I can show you a solution that I suspect is $O(n \log n)$, but I haven't proven the runtime. Edit: Following a linked solution, I amended this solution to be simpler and run in $O(n \log n)$.
So the issue is that if you take a greedy approach, you might choose a 'bad' segment that blocks a favorable choice later. That is, choices you make at the beginning affect what choices you have available later on. This suggests a dynamic programming approach.
First step is to sort the segments by their start times. Then, you need to define exactly what you're going to calculate. We'll define $numsegs(i)$ as the max number of segments possible when segment $i$ is included and has the earliest start time of all included segments.
Then your final answer is going to be the maximum of value of $numsegs(i)$ for all possible values of $i$. Now you need a formula for $numsegs(i)$.
Think about how to calculate $numsegs(0)$, the maximum segment count when you include the first segment. If we include the first segment, then we can only include other segments that begin after the first segment ends. So we need to find the index of the first segment that is compatible with segment 0. We can do this in $O(\log n)$ time with a simple binary search - let that index be $k$. Now, we can say that $numsegs(0)$ is 1 (for segment 0) plus the maximum of $numsegs(k), numsegs(k+1), \dots, numsegs(n)$. (There's an edge case to consider as well. If segment $i$ doesn't have any compatible segments after it, then $numsegs(i)$ is just 1.)
You can compute $numsegs(i)$ in a very similar way. Note that $numsegs(i)$ depends only on $numsegs$ values greater than $i$. Therefore we can compute $numsegs(n-1)$ first, then $numsegs(n-2)$, and so on, caching the values as we go, and we'll never have to recalculate any $numsegs$ values.
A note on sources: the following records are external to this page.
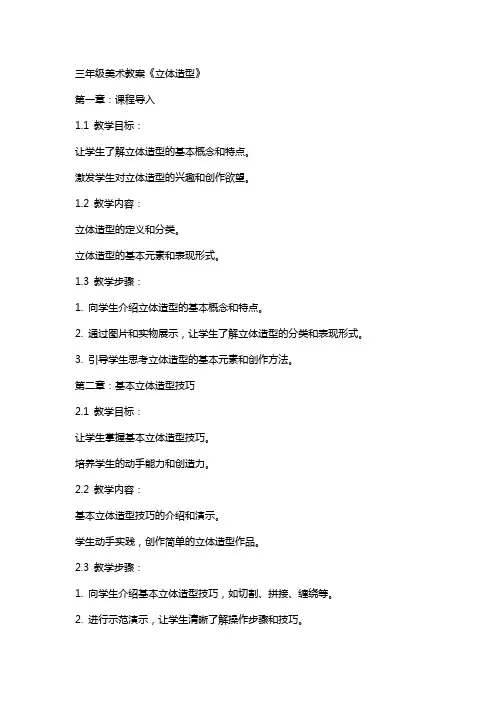 三年级美术教案《立体造型》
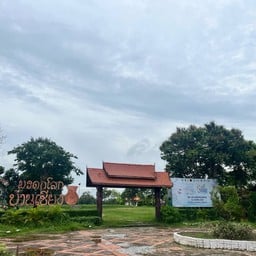 ชุมชนบ้านเชียง ชุมชนท่องเที่ยวเชิงวัฒนธรรมบ้านเชียง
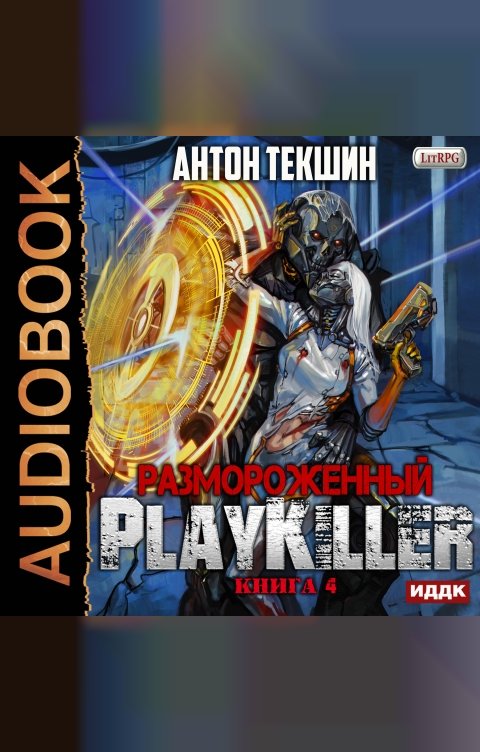 Размороженный. Книга 4. PlayKiller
This solution is actually $O(n^2)$. To compute $numsegs(i)$, you have to find the maximum among potentially $n-i$ following $numsegs$ values. How then to get the total runtime down to $O(n \log n)$?
Edit: As a linked solution pointed out, we can compute the maximum quickly using caching. Suppose we want to know the maximum $numsegs$ value starting from index $k$. We can just compare $numsegs(k)$ to the maximum starting from $numsegs(k+1)$, which we cached in a previous step.